Es noviembre de 1959, hace unos meses han comenzado a transmitir los primeros canales de televisión, pero la radio es «el» medio de comunicación, y a través de ella los chilenos se informan y escuchan los partidos del Campeonato Nacional, que por esos días llega a su etapa final. Universidad de Chile junto a Colo-Colo han terminado empatados en la cúspide de la tabla de posiciones, ambos con 38 puntos. Es necesario el desempate.

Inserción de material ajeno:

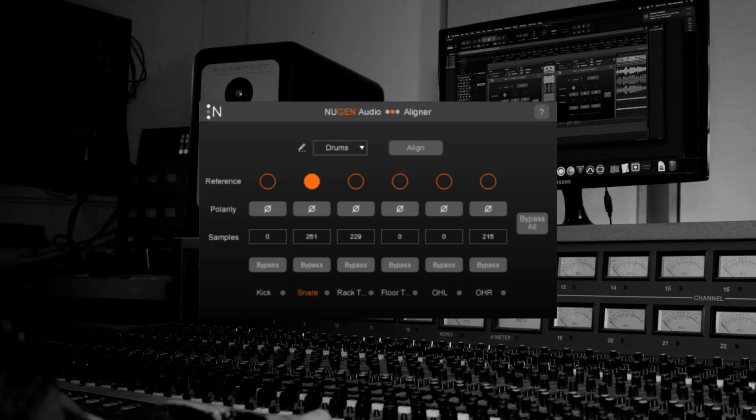I won't demonstrate the entire process again so I've actually prepared this one in advance but let's hear the audio and I'll bypass Aligner every few seconds so you can hear the difference.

La gran final se juega la noche del once de noviembre en el Estadio Nacional, repleto hasta las banderas. La U salta a la cancha con Luis Eyzaguirre, el Pluto Contreras y Sergio Navarro, encargados de hacer el trabajo sucio; con Hugo Núñez y Alfonso Sepúlveda en el medio juego y una delantera de lujo conformada por Braulio Musso, Ernesto Álvarez, Carlos Campos, Leonel Sánchez y Osvaldo Díaz; el entrenador es Luis «Zorro» Álamos, y el que camina con movimientos exagerados hacia el arco sur, vistiendo, a diferencia de sus compañeros, una casaquilla clara, es el arquero René Pacheco. Está nervioso, piensa en todo lo que hay en juego y no puede sacarse ese enorme peso de encima. La tremenda presión de saber que el conjunto azul, su familia, está a punto de lograr una hazaña y que los héroes, sus compañeros, sus hermanos, no son más que un grupo de chiquillos. Es un conjunto plagado de revelaciones. A pesar de la inexperiencia, con tesón, disciplina y amor por la camiseta, han ido paso a paso articulando una epopeya bajo las instrucciones de su mentor, Luis Alberto Álamos Luque. Tal vez hay hombres tanto o más talentosos en otros cuadros, quizás algunos puedan mostrar un fútbol más atildado; pero son sin duda sus compañeros los que han mostrado más hambre y merecen ser campeones. Y como siempre todo dependerá de él, del arquero. Patea suavemente el vertical derecho y murmura algo parecido a una oración; luego camina sobre la línea de gol mientras continúa con su plegaria en dirección al izquierdo y, una vez ahí, repite el sagrado ritual. Resta el toque de la suerte al travesaño, pero en ese momento el árbitro argentino José Luis Pradaude, con un pitazo escandaloso, declara inaugurado el partido. Ya no es tiempo de cábalas.